Any type_traits or method could find out the parameters is a constexpr or not?
Example
size_t fibo_runtime(size_t num)
{
//implementation
}
constexpr
I think this may get you what you want
#include <iostream>
template <typename T>
class is_constexpr
{
typedef char true_type ;
struct false_type { true_type _[2] ; } ;
template <typename U>
static true_type has_constexpr( U & ) ;
template <typename U>
static false_type has_constexpr(...) ;
public:
enum { value = ( sizeof(has_constexpr<T>(0)) == sizeof(true_type)) } ;
} ;
int main()
{
constexpr int i = 10 ;
int k = 20 ;
std::cout << is_constexpr<decltype(i)>::value << std::endl ;
std::cout << is_constexpr<decltype(k)>::value << std::endl ;
}
I used Understanding SFINAE as a reference.
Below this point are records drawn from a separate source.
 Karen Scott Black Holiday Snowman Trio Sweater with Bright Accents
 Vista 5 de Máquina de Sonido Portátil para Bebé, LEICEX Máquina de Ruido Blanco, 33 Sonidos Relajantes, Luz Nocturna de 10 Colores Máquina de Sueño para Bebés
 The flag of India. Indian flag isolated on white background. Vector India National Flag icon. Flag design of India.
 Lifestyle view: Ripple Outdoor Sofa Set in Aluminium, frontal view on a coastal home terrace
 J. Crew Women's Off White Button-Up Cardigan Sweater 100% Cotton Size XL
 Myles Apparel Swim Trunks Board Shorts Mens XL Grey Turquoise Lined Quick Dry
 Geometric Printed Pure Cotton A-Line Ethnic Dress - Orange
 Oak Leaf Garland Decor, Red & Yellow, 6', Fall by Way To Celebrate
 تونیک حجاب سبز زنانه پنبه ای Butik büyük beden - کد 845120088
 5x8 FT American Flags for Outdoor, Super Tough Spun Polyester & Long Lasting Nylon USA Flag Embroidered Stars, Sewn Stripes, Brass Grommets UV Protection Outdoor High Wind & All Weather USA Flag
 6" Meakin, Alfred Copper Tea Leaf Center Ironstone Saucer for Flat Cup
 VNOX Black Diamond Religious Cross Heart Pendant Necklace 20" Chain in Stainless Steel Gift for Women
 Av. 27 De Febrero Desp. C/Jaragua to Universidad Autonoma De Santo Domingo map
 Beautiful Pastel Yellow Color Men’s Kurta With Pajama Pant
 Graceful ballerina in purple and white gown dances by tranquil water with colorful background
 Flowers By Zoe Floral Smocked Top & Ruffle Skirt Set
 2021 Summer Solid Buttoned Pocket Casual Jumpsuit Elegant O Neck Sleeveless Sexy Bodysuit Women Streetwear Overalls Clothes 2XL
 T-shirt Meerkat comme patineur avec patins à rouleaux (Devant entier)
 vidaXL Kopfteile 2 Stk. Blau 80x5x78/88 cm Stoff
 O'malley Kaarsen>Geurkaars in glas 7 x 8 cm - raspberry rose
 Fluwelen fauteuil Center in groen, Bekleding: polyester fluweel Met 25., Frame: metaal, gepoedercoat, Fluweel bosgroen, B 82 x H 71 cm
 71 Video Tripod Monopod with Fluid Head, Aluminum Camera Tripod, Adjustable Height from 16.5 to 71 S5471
Doing some more research I think I the answer to the other part of the question is yes, since it looks a constexpr function template is not always usable in a constant expression. So this leads to a solution like so, with this somewhat contrived example:
template <typename T>
T f2( T num )
{
return num + 1;
}
template <typename T>
constexpr T f1( T num )
{
return num ;
}
template <typename T>
constexpr T f(T num)
{
return is_constexpr<T>::value ? f1(num) : f2(num) ;
}
Within the function, it isn't possible to check the parameters to see if the complete calling expression is a constant expression. But you can implement a macro at the call site to test the same thing, evaluating to true_type or false_type at compile time depending on whether the expression is a constant expression
IS_A_CONSTANT_EXPRESSION( fibo(5) ) // is constant
IS_A_CONSTANT_EXPRESSION( fibo(time(NULL) ) // is not constant
The details are in this answer to another question. (My own answer, apologies for cross posting!)
You could then implement another macro, FIBO( expr ) to wrap this up nicely and call the correct version as appropriate.
The very nature of constant expression (constexpr) is to be constant. So runtime evaluation or not, they will not change any of their behavior and the evaluation will never be done at runtime.
If you use a constexpr function at runtime (which is not simply by calling it straightforwardly), then it will be called as a normal function, as the expression cannot be resolved by nature as constant during runtime.
If you want to achieve some different implementation depending on compile-time or runtime it will (if you achieve it) be really disturbing for the developer as the function would not have the same behavior depending on how you call it ! Thus it becomes clear that such behavior could not / will not / should not be implemented.
If you want to specialize a function for compile-time computation, use a different function to clearly state your intentions.